Fighting and rhythm games are a whole 'nother level, but after my initial experience, I'm optimistic they can pull it off.
It seems like a lot could be done to compensate for lag in rhythm games, since the music and moves are all predetermined. There could be a fair bit of latency and it doesn't matter as long as the video doesn't stall and the game compensates for it by rewarding the player based on when the video and sound actually played.
I guess that this impressive for a two month run, and maybe they can corner some mobile advertising magic in the play store or some "Play it now in your web browser" webverts, but outside of the Google Connection, I don't see what this adds over Epic's Exclusives or Steam's Domination of the platform and eventual Cloud Gaming solution whenever that sees the light of day. Maybe I'm over looking the value of "Try It Now!"
I don’t know much of stadia and immediately dismissed it as another short lived hype, but I am amazed by this lineup. I thought it would just be some random low budget games like Apple Arcade.
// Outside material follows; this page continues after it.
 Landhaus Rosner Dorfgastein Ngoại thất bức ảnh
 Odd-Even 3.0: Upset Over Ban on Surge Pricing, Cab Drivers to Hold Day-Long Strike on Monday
I think you might be unfairly dismissing Apple Arcade too, there are a lot of excellent games on there as well. They're definitely more on the "indie" side than "AAA blockbusters", but there are a lot of high-quality, interesting games available on there, and I'm really hoping that a lot of them will end up coming to PC eventually because I want to play them.
As someone who may not have a PC that can run games properly for the next one or two years (will be abroad for grad school so the desktop will stay here if I can't find a buyer) I genuinely hope that Stadia will be a feasible option.